"매 similarity 의 metric choice 는 매 retrieval / clustering / matching quality 의 결정". 매 cosine 의 dominant 의 dense embedding semantic search, 매 Jaccard 의 set overlap, 매 edit distance 의 string fuzzy matching. 매 2026 의 modern stack 의 normalized cosine + ANN (HNSW/IVF-PQ) 의 standard.
매 핵심
매 Vector metrics
Cosine similarity: dot(a,b) / (||a|| * ||b||) — 매 magnitude-invariant. 매 embedding 의 default.
Dot product: 매 normalized embedding 의 cosine 과 equivalent. 매 faster (no division).
Euclidean (L2): 매 raw distance. 매 cluster centroid / k-means 의 use.
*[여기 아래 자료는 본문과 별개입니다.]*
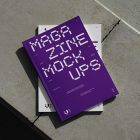 View from above of an Two Outdoor Magazine Mockup with strong purple typography design lying on concrete slabs.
Manhattan (L1): 매 robust to outliers. 매 sparse feature 의 use.
매 Set / String metrics
Jaccard: |A ∩ B| / |A ∪ B| — 매 set / token overlap.
Levenshtein (edit distance): 매 character-level fuzzy match.
fromsentence_transformersimportSentenceTransformerimportfaissimportnumpyasnpmodel=SentenceTransformer("BAAI/bge-large-en-v1.5")docs=["alpha doc","beta doc","gamma doc"]emb=model.encode(docs,normalize_embeddings=True).astype("float32")index=faiss.IndexHNSWFlat(emb.shape[1],32)index.metric_type=faiss.METRIC_INNER_PRODUCT# cosine via normalizedindex.add(emb)q=model.encode(["alpha"],normalize_embeddings=True).astype("float32")D,I=index.search(q,k=3)
Jaccard via MinHash (datasketch)
fromdatasketchimportMinHash,MinHashLSHdefmh(tokens,num_perm=128):m=MinHash(num_perm=num_perm)fortintokens:m.update(t.encode("utf-8"))returnmlsh=MinHashLSH(threshold=0.7,num_perm=128)lsh.insert("doc1",mh("the quick brown fox".split()))lsh.insert("doc2",mh("the quick brown dog".split()))print(lsh.query(mh("the quick brown fox jumps".split())))
# Cosine: angle only — magnitude ignoreda=np.array([1.0,0.0]);b=np.array([10.0,0.0])# cosine(a,b) = 1.0 (identical direction)# euclidean(a,b) = 9.0 (very different magnitude)
Hybrid retrieval (BM25 + dense)
# 매 modern RAG 의 default — sparse + dense fusionfromrank_bm25importBM25Okapiimportnumpyasnptokenized=[d.split()fordindocs]bm25=BM25Okapi(tokenized)sparse_scores=bm25.get_scores("alpha doc".split())dense_scores=(emb@q.T).flatten()# Reciprocal Rank Fusiondefrrf(rankings,k=60):scores={}forrankinginrankings:forrank,doc_idinenumerate(ranking):scores[doc_id]=scores.get(doc_id,0)+1/(k+rank)returnsorted(scores.items(),key=lambdax:-x[1])
언제: semantic similarity, paraphrase detection, dedup of LLM outputs, eval (semantic equivalence).
언제 X: exact match required, ordinal / numeric distance — use direct comparison.
❌ 안티패턴
Unnormalized cosine: 매 forgetting normalization → magnitude bias.
L2 on sparse high-D: 매 curse of dimensionality — cosine more robust.
Single metric: 매 hybrid (sparse + dense) 의 better recall.